Strong PCBA demand prompts core earnings forecast upgrade

Hana Microelectronics Plc (HANA)

Investment thesis

HANA will sustain strong earnings growth through FY14, we believe. As such, we have upgraded our FY14 core profit forecast by 3% to fine-tune for an expanded expectation for 1H14 PCBA sales. Orders for touchpads have continued from 4Q13, so we don't expect a first-quarter seasonal decline this year. Heavy orders are likely to be sustained into 2Q14. Looking to 2H14, an HoH pick-up in IC sales will boost earnings growth, whilst the loss at the new factory will be insignificant. Moreover, a huge expected insurance payout would mean upside to our FY14 model. Our new YE14 target price of Bt30.50, up from Bt28.50. BUY!

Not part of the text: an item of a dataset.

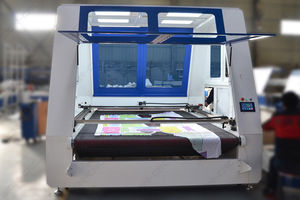 CO2 laser cutting machine 1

PCBAs are driving 1H14 sales growth; ICs will lead the 2H14 top-line

Overall demand is improving, especially for PCBAs (the PCBA utilization rate currently exceeds 90% against 85% in 4Q13). PCBA revenue normally drops QoQ in the first-quarter on seasonality. But the traditional pattern isn't playing out in 1Q14. HANA guides for rising orders for touchpads (clients reduced inventories too sharply during the market slowdown and must now re-stock), smart phone sensors and automotive LEDs. This strong demand looks set to be sustained into 2Q14. As for IC packaging services, the firm guides for a seasonal low in 1Q14, but it now sees positive signs—IC packaging demand is likely to recover in late March onward.

HANA is currently in talks with a big client that needs IC capacity to support a new line of semiconductors. If HANA were to seal a deal, it would start seeing revenue in 4Q14 and its IC utilization rate would be almost 100%.

Lamphun 2—only small losses under worst-case scenario

Construction of the Lamphun 2 plant (equal to 25% of existing capacity) is moving ahead. Management expects construction to be finished by June, 2014 and revenue to start in 4Q14, assuming that new orders arrive. Even under the worst-case scenario where initially there are insufficient orders to justify commissioning the plant, we would expect Lamphun 2 to post only modest losses (depreciation on buildings of ~Bt13m/quarter would squeeze GM by just 30 bps, we estimate. There are no depreciation costs for machinery & equipment, as HANA won't invest in machinery till it receives orders. With regard to the new plant in Koh Kong, Cambodia, the tentative start-up date has been postponed to 3Q15, due to red tape.

Insurance payout underway but extra dividend is unlikely

Business Interruption claims totaling Bt1.35bn should be paid this year, but the timing and the sizes of the payouts aren't yet certain. Management guides that most of the amount will be paid in 3Q14 (it will be subject to income tax). We have yet to factor the expected payouts into our model. Despite a huge assumed gain, the firm is likely to maintain its DPS at Bt1.50-1.70/year, we believe. Note that HANA kept its DPS at Bt1.50, despite the slump in operating profit caused by the 4Q11 flooding.